Barbara Tomlinson. Commemorating the Seafarer: Monuments, Memorials and Memory. Rochester: Boydell Press, 2015. Illustrations. 256 pp. $50.00 (cloth), ISBN 978-1-84383-970-5.
Reviewed by Matthew McRae (Western University)
Published on H-HistGeog (August, 2016)
Commissioned by Jon G. Malek (University of Manitoba)
The Old Monument and the Sea
Monuments are meant to be seen and experienced. In the introduction to her book Commemorating the Seafarer: Monuments, Memorials and Memory, Barbara Tomlinson notes that “memorials are three-dimensional objects located in a social and geographic context. There is no substitute for seeing them in the flesh and visiting them is always something of an adventure” (p. xi). Commemorating the Seafarer ably captures the author’s love of the subject matter and her extensive knowledge of British maritime memorials. Her book is more than simply a catalogue of statues, tombs, and plaques. Tomlinson’s tight focus on the memorials themselves, however, leaves little room for wider discussions of the role of collective memory and national identity in British history; this task will be left to future scholars, who will no doubt reference this useful resource in their own work.
Tomlinson has gathered an extensive knowledge of maritime memorials during her thirty-seven years as curator of antiquities at the National Maritime Museum in the United Kingdom. Her book has its origins in a memorial database started in 1978 and put online in 2002. Many monuments described in the book are drawn from the database, although the author notes that Commemorating the Seafarer is in no way an exhaustive compendium of Britain’s maritime memorials. Despite this, Tomlinson does an excellent job of presenting the reader with a representative sample drawn from all sections of society and from various geographic locations.
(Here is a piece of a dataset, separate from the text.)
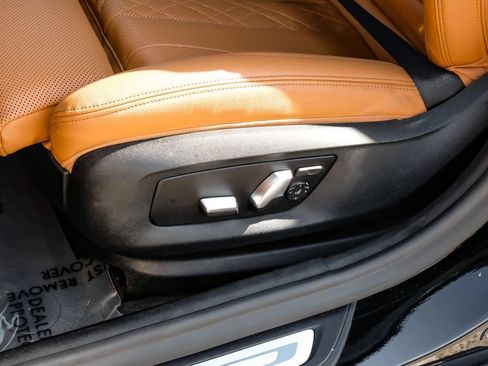 Used 2021 BMW 530i w/ Convenience Package RWD image 31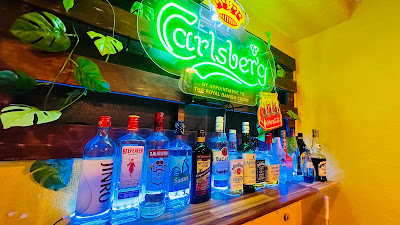 Shisha HISUI cafe&bar 사진 3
Starting around the year 1500, the writer sketches out major trends in maritime memorials leading up to the present day. Monuments of the 1500s and 1600s tended to commemorate the naval achievements of a small dynastic elite. These memorials were dedicated to individuals and usually commissioned by women or heirs of the deceased.
Over the course of the 1700s, more naval officers began to receive memorials as the role of the navy expanded. The monuments also changed to reflect Britain’s increased global connections and growing imperial ambitions. For example, the tomb of Vice-Admiral Charles Watson (1714-57) used classical imagery but also incorporated palm-tree columns to reflect Watson’s service in India. Most naval memorials of the era were still dedicated to individuals and had a “distinctly maritime as opposed to military identity” (p. 35). It was only during the wars with France at the end of the eighteenth and the beginning of the nineteenth century that truly national naval monuments would begin to be built.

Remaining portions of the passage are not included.